This week’s weird fiction selection – kind of.
Review: “The Goddess of Death”, William Hope Hodgson, 1904.
This story strikes me as a bridge between gothic horror and Hodgson’s later weird fiction. But that’s just a hunch not being an expert in gothic horror or Hodgson and not having read that much of either.
The supernatural element is rationalized, explained away like something out of a Ann Radcliffe novel. There is a great deal of physicality which I associate with Hodgson. His narrator spends a great deal of time outdoors and running about.
That narrator, Herton, arrives in a small English village that’s in tumult because a dozen people have been killed there. Some claim a walking marble statue is doing the killing.
Herton goes to visit his old friend William Turner who lives in the town.
Once Herton hears the story of the killer statue, he decides to try his hand at catching it.
So, Turner and Herton go to the park with the statue in it late that night. The statue is not on its base.
Then, in the bushes, a carved marble face is seen. A giant looms out of the dark, and Herton and Turner run away.
Next morning, rather ashamed at their cowardice, the two go back to the park. The statue is back. It’s of a woman and made of white marble. In its right hand is a twisted cloth. The left hand is empty but in a gripping pose.
It was at this point I wondered if Hodgson was going to be working Thugees into the story.
We learn the statue is part of the estate of Colonel Wigham. He was a recluse and had an old servant from India. He died about nine months ago, strangled. Being childless, his estate was converted to the town’s park.
Herton examines the statue and is convinced it’s just marble.
The two men hang about the park for the next week. Then, one night, they hear a scream and find a dead woman. In a local bar, Herton and Turner get three men to go to the park and take care of the menace.
They see the statue walking about. The men try to sneak up on it, but Turner falls and accidentally discharges one of his pistols. The statue bolts off, the men after it. Herton even shoots at it. After a few minutes, one of the men catches up to it and gets killed. The chase concludes without its marble quarry.
The next day a group of men go to the park with the intent of destroying the statue, but it’s gone.
That night, Herton gets a brainstorm. He asks after Colonel Wigham and where his papers are.
He finds an account of Wigham’s. Looking to exterminate the Thugee cult in India – as per British policy, he comes across a temple to the sect’s deity, Kali. Specifically Kali in a previously unknown form. That statue is the one in the park. We also learn the Colonel barely escaped death at the hands of a Thugee high priest of enormous size and fury.
Herton immediately drags Turner out to the park in the night and to the bare pedestal of the statue. He examines it and, as expected, finds a switch.
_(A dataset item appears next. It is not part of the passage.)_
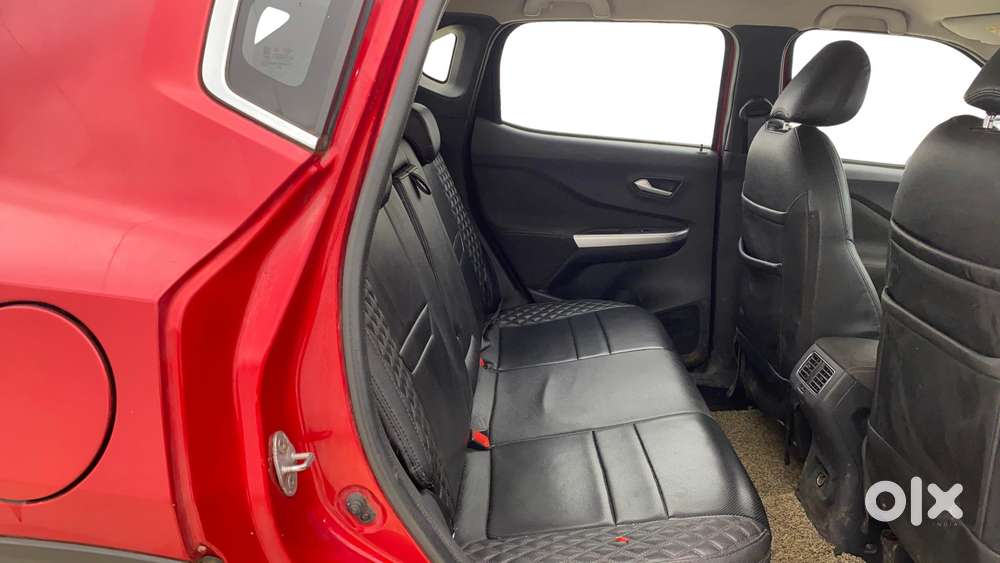 Nissan Magnite 1.0 Xv Premium, 2022, Petrol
The statue rises up from the base. Herton finds another switch, swivels it off to the side, and reveals a passage leading down.
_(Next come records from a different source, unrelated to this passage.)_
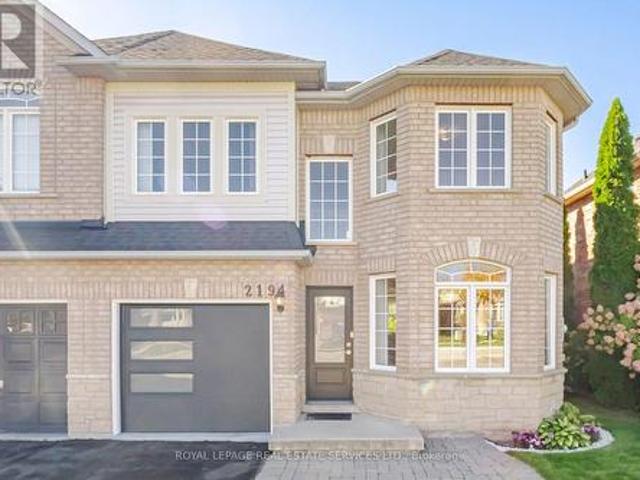 House for sale in Burlington, Golden Horseshoe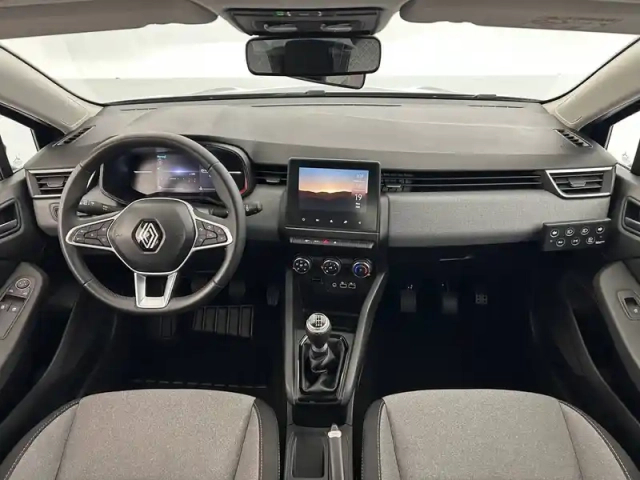 Renault Clio blue dci 100 — photo 29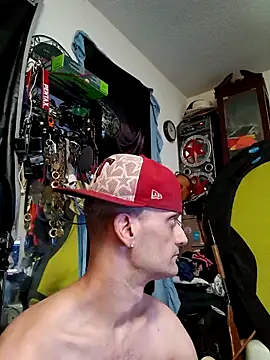 Snapshot of slinginbigD chatting on 03-23-25, 06:37 slinginbigD online show from 03-23-25, 06:37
Herton follows the passage down. It leads to a tunnel that goes to the park’s lake. (The tunnel, it seems, preexists Wigham buying the place.)
By lamp light, just beneath the water of the lake, Herton sees “something of an indistinct whiteness”. He pulls a mask out of the water, a mask that matches the statue’s face.
Later, workmen pull out “the dead body of an enormous Hindoo” dressed in white. It is the high priest of the Thugee temple, dead from shots fired that night when he was pursued in the park. He was impersonating Kali to bring terror to Wigham’s town.
It’s a pretty so-so story. The prose is so bare-bone, brief descriptions, dialogue, action, that there’s no real buildup of atmosphere.